ORADA DURDUĞU HER GÜN BU HALKA ZARAR: Kalkıp Birleşmiş Milletler’de Paris Antlaşması’ndan bahsedip sonra onlarca araçlık konvoyuyla, özel uçaklarıyla şahsı için onca karbon salınımına sebep olan Erdoğan’ın Saray’ın kapısından çıkması bile doğaya zarar, Saray’ından çıkmasa bile günlük 8 milyonluk masrafıyla orada durduğu her gün bu halka zarar. Bu zararın önünde ceket iliklemeyi reddediyoruz. Her gün ortalama 5 kadının öldürüldüğü bir memlekette çıkıp da aymazca kadın erkek eşitliği fıtrata aykırıdır diyen bir kişinin önünde saygı duruşunda bulunmayı reddediyoruz Bu memleket Afganistan olmasın diye yüzbinlerce insanın öldüğü bir tarihi sadece hamaset söylemelerinde hatırlayan ve "Türkiye’nin Taliban inancıyla ters bir yanı yok" diyebilen bir kişinin saçmalıklarına daha fazla tahammül etmeyi reddediyoruz.

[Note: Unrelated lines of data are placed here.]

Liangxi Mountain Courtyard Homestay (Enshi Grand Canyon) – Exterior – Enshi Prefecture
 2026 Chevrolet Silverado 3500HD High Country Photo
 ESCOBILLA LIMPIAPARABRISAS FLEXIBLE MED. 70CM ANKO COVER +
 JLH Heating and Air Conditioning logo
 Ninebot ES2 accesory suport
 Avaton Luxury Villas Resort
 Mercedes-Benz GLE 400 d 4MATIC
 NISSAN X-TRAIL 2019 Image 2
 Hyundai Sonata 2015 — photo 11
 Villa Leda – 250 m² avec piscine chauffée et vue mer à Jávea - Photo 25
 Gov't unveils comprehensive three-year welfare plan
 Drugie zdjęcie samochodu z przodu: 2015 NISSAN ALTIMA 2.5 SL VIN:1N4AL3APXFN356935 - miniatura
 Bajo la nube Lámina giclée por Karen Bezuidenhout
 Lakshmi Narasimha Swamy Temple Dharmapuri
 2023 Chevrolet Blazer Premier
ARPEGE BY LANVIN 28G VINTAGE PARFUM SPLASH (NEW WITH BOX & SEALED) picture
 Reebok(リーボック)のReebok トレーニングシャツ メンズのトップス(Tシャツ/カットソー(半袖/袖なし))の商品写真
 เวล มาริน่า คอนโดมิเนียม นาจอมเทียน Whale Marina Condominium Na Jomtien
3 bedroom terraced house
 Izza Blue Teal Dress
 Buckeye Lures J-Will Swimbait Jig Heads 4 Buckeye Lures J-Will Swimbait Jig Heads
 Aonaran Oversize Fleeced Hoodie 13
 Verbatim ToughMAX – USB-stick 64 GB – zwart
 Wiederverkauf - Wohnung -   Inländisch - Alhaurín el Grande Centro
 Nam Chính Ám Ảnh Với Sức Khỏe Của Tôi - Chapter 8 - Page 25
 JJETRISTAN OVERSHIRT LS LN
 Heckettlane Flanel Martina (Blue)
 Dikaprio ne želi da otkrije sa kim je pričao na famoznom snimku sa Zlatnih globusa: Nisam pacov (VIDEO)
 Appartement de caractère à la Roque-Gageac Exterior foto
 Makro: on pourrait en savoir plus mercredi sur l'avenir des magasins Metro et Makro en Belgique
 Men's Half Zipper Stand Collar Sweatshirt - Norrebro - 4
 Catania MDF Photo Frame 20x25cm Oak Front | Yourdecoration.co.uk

SENİN DAHİL OLDUĞUN HER KÖTÜLÜĞÜN KARŞISINDAYIZ: Erdoğan, hani sermayedarlara parsel parsel sattığın, müteahhitlere, talan ettirdiğin topraklardan birinde, İkizdere'de direnen halka söylediğin ‘Türkiye’nin değişik yerlerinden ne kadar sol varsa, komünist varsa alıp buraya getiriyorlar. Siz bizim önümüzü kesemezsiniz’ diyordun ya; Haberin olsun Türkiye’nin dört bir köşesindeki solun, sistemin öğüttüğü emekçinin, ötekileştirdiğiniz ‘marjinal grupların’, adil bir dünya için mücadele eden, eşit bir hayat mümkün diyen sosyalistin seçerek TBMM çatısı altına getirdikleriyiz biz. Yani sadece İkizdere’de değil, Soma'da, Adliyelerde, Boğaziçi’nde, Çorlu'da, değil, burdayız da...Yani senin dahil olduğun her kötülüğün karşısındayız ve tam bu nedenle seni zoraki saygıyla falan dinlemeyi reddediyoruz!
BİZ BU OYUNDA YOKUZ: Kuşkusuz bu tavrımızın sadece sembolik bir yanı olduğunun farkındayız. Ancak TBMM çatısı altında da şimdilik sayımızın azlığına bakmadan, aynı duygu ve düşünceleri yüreğinde ve aklında taşıyan milyonlarca yurttaşımız gibi bizim de her gün defalarca tekrarlanan yalanları dinlemeye sabrımız kalmadı. Halkımızdan ve haklılığımızdan aldığımız güçle biz bu oyunda yokuz diyoruz. Haklı olanın güçleneceğine ve bu oyuna son vereceğimize inancımız tam. Bu inanç ve kararlılıkla yeni yasama döneminde hem parlamentoda hem fabrikalarda, okullarda, sokaklarda halkın mücadelesini büyütmeye her türlü halk düşmanı uygulamalara karşı kararlılıkla mücadeleye devam edeceğiz.
BU BIKTIĞIMIZ SESİ EKRANLARDAN DEĞİL, DURUŞMA SALONLARINDAN İZLEYECEĞİZ: Halkımıza da söz veriyoruz. Bu artık bıktığımız sesi, günlük hayatımızdan çıkarıp, kürsülerden, ekranlardan değil duruşma salonlarında ayakta ve ceketi halkın önünde iliklenmiş olarak dinleyeceğimiz günleri hep birlikte getireceğiz."